■ What you should do: Using the entries that follow, transcribe only the lines from the line with "Now in the cursor" to the line with "We made and", both included, exactly as they stand and without pictures.

■ Records shown:
• • • • •

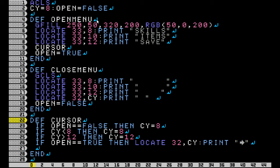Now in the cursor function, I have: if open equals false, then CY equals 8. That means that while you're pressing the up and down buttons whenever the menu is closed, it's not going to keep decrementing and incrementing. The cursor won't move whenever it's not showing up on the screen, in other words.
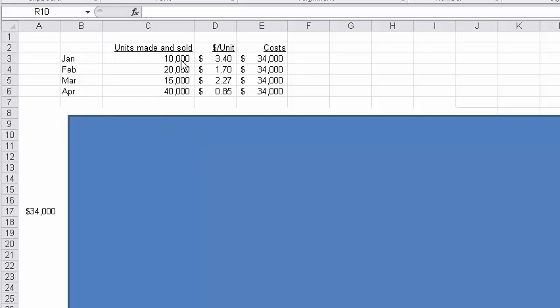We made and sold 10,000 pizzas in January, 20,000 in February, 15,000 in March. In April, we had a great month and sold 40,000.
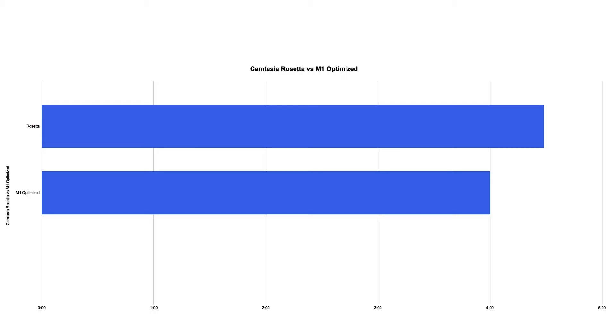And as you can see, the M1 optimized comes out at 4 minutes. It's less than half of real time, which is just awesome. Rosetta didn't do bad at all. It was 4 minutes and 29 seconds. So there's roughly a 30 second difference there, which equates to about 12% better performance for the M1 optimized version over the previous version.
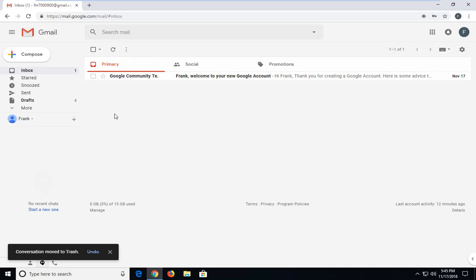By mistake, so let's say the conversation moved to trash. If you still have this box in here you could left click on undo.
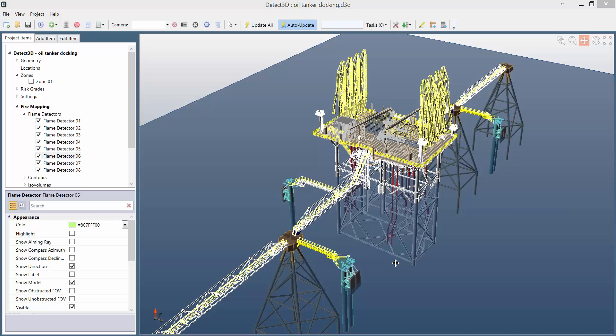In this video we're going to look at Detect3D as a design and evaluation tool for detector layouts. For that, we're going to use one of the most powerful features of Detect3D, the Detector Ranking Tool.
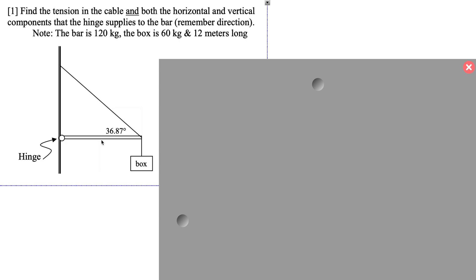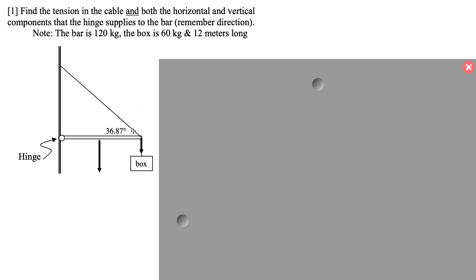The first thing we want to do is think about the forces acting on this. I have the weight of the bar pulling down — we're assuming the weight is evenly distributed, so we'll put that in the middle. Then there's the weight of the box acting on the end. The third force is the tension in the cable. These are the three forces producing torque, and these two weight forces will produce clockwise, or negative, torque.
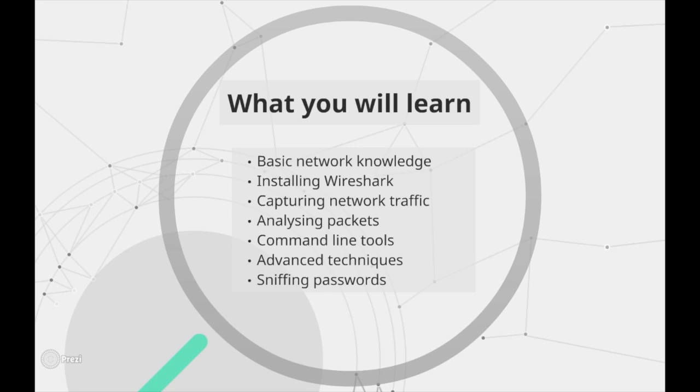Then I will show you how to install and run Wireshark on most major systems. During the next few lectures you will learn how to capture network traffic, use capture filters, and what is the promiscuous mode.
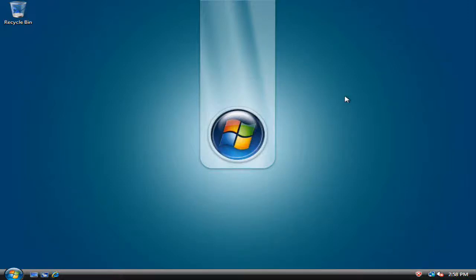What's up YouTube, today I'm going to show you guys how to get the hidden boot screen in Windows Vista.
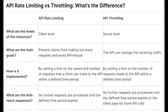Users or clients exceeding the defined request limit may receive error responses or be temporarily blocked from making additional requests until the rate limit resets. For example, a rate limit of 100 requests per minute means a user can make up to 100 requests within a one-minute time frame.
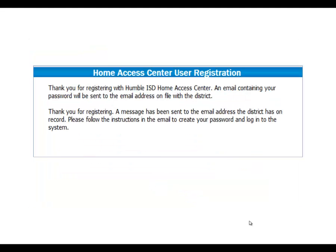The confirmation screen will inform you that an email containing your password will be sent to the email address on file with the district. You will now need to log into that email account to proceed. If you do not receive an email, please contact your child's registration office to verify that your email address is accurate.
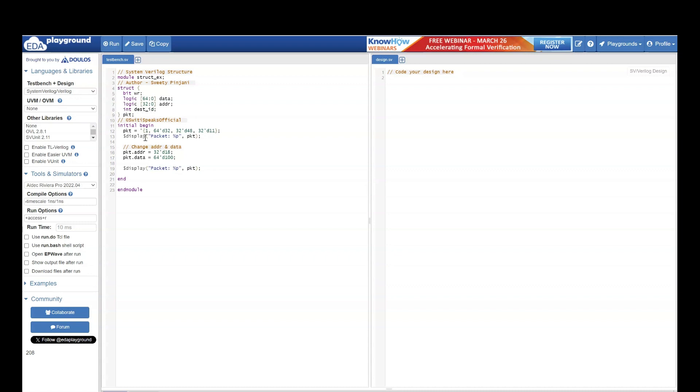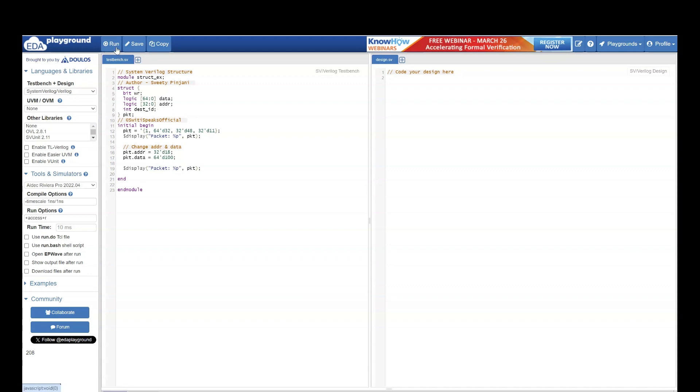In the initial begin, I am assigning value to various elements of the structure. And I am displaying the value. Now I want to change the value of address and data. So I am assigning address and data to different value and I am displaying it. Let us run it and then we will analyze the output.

• • • • •

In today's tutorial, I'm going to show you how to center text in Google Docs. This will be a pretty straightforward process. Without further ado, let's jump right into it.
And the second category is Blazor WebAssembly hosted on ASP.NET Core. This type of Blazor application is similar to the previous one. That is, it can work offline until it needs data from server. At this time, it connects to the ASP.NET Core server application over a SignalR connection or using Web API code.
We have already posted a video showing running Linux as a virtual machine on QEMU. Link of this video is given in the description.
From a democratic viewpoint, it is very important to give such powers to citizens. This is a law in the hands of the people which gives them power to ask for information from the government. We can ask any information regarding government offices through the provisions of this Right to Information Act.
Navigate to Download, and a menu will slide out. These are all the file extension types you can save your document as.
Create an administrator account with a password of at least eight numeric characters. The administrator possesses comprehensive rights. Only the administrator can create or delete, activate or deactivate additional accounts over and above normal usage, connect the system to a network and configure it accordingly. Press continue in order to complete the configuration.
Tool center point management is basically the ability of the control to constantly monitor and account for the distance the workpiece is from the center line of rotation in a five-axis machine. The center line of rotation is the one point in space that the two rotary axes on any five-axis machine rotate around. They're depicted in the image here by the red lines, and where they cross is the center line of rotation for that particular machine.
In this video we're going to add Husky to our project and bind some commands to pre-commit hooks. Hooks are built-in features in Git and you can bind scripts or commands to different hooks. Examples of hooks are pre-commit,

• • • • •

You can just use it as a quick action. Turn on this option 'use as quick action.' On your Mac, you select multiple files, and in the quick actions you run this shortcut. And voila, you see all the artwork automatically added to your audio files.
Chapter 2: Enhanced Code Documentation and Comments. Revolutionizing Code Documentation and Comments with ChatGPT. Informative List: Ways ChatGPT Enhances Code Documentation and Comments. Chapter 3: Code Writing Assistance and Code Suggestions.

• • • • •

■ Exercise solution:
Now in the cursor function, I have: if open equals false, then CY equals 8. That means that while you're pressing the up and down buttons whenever the menu is closed, it's not going to keep decrementing and incrementing. The cursor won't move whenever it's not showing up on the screen, in other words.
We made and sold 10,000 pizzas in January, 20,000 in February, 15,000 in March. In April, we had a great month and sold 40,000.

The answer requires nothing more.